Sabe quando tudo na vida da certo? Aliás, quase tudo? Pois é, sua vida profissional decola, a cidade onde você mora te proporciona uma vida bacana, a dieta que você fez deu certo e consequentemente você tem a satisfação tão sonhada com o seu corpo (é isso mesmo que eu escrevi!! Assustador? Ainda mais quando o texto é escrito por uma mulher), os dias de chuva acontecem nos dias certos e os dias de sol caem naquela semana que você tanto sonhou, você tem tempo para ir ao cinema, para visitar os amigos, sair... E ai você para e se pergunta: Porque somos tão exigentes? Não é questão de “nada ta bom”, mas parece que está sempre faltando alguma coisa. Eu sei que você já teve essa sensação e sinceramente esse é um dos meus consolos. Em menor ou maior intensidade todos nós já passamos por isso.

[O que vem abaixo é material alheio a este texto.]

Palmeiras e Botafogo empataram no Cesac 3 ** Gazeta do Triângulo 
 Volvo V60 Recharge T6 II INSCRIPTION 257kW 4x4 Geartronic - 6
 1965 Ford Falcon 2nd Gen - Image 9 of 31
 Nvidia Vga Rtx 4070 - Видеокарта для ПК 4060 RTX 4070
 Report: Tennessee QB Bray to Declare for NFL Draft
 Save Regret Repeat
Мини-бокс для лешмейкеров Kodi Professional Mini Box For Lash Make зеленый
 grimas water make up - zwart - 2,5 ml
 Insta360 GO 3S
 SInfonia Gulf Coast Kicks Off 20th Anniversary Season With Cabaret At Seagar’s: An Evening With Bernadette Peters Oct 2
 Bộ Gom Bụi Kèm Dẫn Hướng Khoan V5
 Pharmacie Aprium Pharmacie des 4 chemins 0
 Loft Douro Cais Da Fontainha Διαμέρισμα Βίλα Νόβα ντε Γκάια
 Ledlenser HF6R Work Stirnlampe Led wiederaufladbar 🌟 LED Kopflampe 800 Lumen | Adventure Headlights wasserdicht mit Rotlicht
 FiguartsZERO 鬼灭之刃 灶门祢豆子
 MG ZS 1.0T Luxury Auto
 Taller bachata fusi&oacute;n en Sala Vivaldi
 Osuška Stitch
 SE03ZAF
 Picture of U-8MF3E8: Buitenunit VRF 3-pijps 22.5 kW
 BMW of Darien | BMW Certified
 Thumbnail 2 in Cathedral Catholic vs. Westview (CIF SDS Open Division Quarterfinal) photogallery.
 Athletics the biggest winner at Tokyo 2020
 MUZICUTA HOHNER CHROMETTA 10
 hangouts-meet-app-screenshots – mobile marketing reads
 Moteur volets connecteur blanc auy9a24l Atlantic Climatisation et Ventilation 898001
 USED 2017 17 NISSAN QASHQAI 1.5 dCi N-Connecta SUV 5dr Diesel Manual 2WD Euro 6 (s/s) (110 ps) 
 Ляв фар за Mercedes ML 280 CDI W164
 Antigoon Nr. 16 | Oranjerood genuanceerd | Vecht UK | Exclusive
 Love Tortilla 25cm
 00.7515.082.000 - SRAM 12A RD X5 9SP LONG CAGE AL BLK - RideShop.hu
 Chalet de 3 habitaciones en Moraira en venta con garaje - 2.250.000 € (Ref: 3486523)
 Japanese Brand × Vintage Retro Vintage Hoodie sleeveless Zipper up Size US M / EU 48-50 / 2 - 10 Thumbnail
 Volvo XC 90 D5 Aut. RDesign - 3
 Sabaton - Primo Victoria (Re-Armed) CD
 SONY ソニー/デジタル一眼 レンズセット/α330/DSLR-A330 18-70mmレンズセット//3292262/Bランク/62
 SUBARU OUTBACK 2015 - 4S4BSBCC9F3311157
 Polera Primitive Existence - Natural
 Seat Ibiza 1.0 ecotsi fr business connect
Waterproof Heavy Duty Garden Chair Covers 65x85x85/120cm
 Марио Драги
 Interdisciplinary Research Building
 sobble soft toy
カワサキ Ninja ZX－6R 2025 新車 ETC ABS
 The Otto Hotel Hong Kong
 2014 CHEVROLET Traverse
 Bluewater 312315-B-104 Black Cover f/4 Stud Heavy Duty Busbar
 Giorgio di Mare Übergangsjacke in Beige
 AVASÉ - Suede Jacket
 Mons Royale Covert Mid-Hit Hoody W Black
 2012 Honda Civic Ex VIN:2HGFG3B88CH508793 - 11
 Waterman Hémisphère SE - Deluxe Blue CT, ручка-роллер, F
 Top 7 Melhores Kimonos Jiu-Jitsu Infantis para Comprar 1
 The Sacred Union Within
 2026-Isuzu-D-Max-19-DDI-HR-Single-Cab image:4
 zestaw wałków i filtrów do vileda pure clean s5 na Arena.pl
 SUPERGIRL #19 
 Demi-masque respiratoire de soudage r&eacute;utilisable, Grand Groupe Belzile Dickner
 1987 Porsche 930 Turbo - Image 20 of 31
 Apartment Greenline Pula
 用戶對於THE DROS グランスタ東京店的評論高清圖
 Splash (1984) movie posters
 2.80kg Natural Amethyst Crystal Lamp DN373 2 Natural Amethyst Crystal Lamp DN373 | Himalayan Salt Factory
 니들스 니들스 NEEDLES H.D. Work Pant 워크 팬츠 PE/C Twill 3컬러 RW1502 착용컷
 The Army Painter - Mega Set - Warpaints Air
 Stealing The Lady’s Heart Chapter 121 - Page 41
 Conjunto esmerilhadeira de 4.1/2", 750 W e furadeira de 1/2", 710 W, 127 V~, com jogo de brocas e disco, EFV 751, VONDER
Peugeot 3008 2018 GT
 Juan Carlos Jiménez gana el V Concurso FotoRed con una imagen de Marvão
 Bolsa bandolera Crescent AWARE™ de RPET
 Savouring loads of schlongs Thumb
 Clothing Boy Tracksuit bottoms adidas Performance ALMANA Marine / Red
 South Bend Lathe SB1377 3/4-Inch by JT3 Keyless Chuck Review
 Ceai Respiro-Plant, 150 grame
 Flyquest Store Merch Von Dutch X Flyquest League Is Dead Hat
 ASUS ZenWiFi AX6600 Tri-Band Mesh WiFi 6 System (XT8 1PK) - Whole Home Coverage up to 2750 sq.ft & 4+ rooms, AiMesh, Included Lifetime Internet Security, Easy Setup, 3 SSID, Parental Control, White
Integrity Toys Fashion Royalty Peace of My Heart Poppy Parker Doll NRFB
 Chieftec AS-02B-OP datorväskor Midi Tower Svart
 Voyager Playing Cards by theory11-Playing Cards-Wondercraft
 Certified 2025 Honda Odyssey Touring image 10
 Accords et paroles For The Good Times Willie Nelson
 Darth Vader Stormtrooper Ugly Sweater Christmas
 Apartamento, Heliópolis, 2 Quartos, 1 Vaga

Vivemos em busca de felicidade plena, percebeu? Grande parte do que fazemos ou deixamos de fazer é um busca dessa tal felicidade. Escrevendo isso lembrei de uma das falas de um professor de sociologia que eu tive na faculdade, ele dizia: Meus amigos deixem de procurar a felicidade plena, ela não existe! O que existe são momentos felizes, portanto, aproveitem quando eles chegarem! É interessante como alguns comentários marcam a nossa vida. A gente vai se transformando – o comportamento muda conforme as experiências vividas, os relacionamentos são mais maduros e as percepções são diferentes. Às vezes eu me sinto uma velha quando começo a viajar nessa onda de sentimentos e bla bla bla porque falar disso sempre foi muito difícil. Mas enfim, não vou parar meu raciocínio porque eu acho que to indo bem por enquanto.
Tentativas em vão
Sentimentos ao vento
Chacotas no ar
Indiferença exposta
Lágrimas na madrugada
Palavras lembradas
Cheiro presente
Gosto na boca
Saudade...
Ahhh...chega. Depois eu continuo!
Um comentário:
"Palavras Lembradas", resume minha interpretação sobre o texto.